Various connections can be made—to the grotesquerie of Ubu Roi in the opening scenes, to Vyvian Stanshall's Sir Henry at Rawlinson End, which I must tell you about sometime soon, to The Ruling Class, where a similarly deranged nobleman provokes perverse reactions in his family and associates. The director is Yves Robert, who serves up a hideous title sequence with the images inlaid in a Prussian blue border, and overlights all his interiors rather badly. But he's adept at staging his scenes and the performances are ripe and enthusiastic without getting too much into your face. Robert is mostly known outside of France, if he's known at all, for the original French comedies remade as The Man with One Red Shoe (starring Tom Hanks, not too bad) and The Woman in Red (starring and directed by Gene Wilder, mostly quite bad, in an eighties-tastic way). Clérambard hasn't had a US remake because (1) it's very strange and (2) the novel by Marcel Ayme isn't well-known outside France. It's very interesting material that could probably benefit from a Bunuel or at least a Malle. What it gets is a Robert, which is OK.

As the story winds into Act II, Clérambard is still, at first, anyway, the same awful bastard he was before his conversion. It's just that now his violent temper and intolerant attitude is channelled into a different philosophical funnel. He's kind to animals but vicious to his family. He only acquires something resembling saintliness when his "miracle" is revealed as a mixture of hoax and happenstance—a resentful farmer impersonating St. Francis as a gag, and a lookalike dog (a doggieganger, if you will) mistaken for the garotted retriever. Now Clerambard decides to continue his course to true Christian goodness without the miracle as proof he's right. A new humility emerges.
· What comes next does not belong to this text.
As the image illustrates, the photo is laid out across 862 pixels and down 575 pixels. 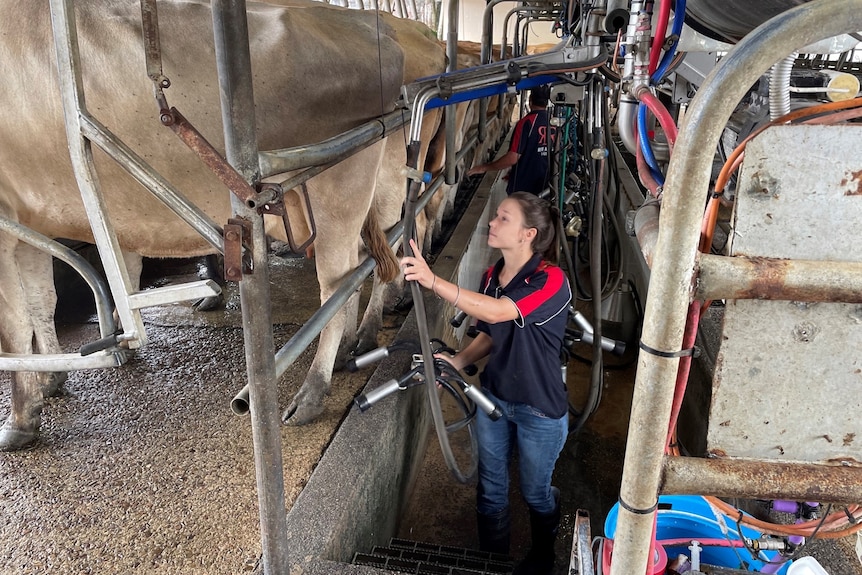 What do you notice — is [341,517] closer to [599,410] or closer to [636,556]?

Now his family are more than ever convinced he's cracked.

Anyway, this isn't so much Yves Robert's film as the composer's. Romanian genius Vladimir Cosma has evidently decided that this movie will be his. The hell with Robert, the hell with Noiret, the hell with the plot. His music is triumphal and domineering, like Clérambard, and happy, like La Langouste, the town hooker, but really comes from nowhere and relates to not that much in the film—it adds something new, like the title of a surrealist painting. Only at the end, when the theme tune (which I'm still humming, damnit) acquires lyrics ("It was so nice inside his head!"), does it intersect with the movie itself, while simultaneously suggesting a kind of sequel, taking off from the wildly silly and curiously epic climax. It's the great feelgood movie of 1969. And it has people eating cat.

Kosma is still composing today. Everybody else is decomposing. Except La Langouste—Dany Carrel is retired and seemingly reclusive, not deigning to appear in the documentary Henri-Georges Clouzot's L'enfer, despite the fact that the luminous footage from that abortive psychodrama abounds with glimpses of her ineffable sauciness. It is to be hoped that she will at some future point pop out once again from her hiding place and tell us what's on her mind.

"Does this mean it'll be free?" ask her customers, now that La Langouste has converted to Clerambard's faith.

"Yes, the Good Lord shall provide."

***

The Forgotten is a regular Thursday column by David Cairns, author of Shadowplay.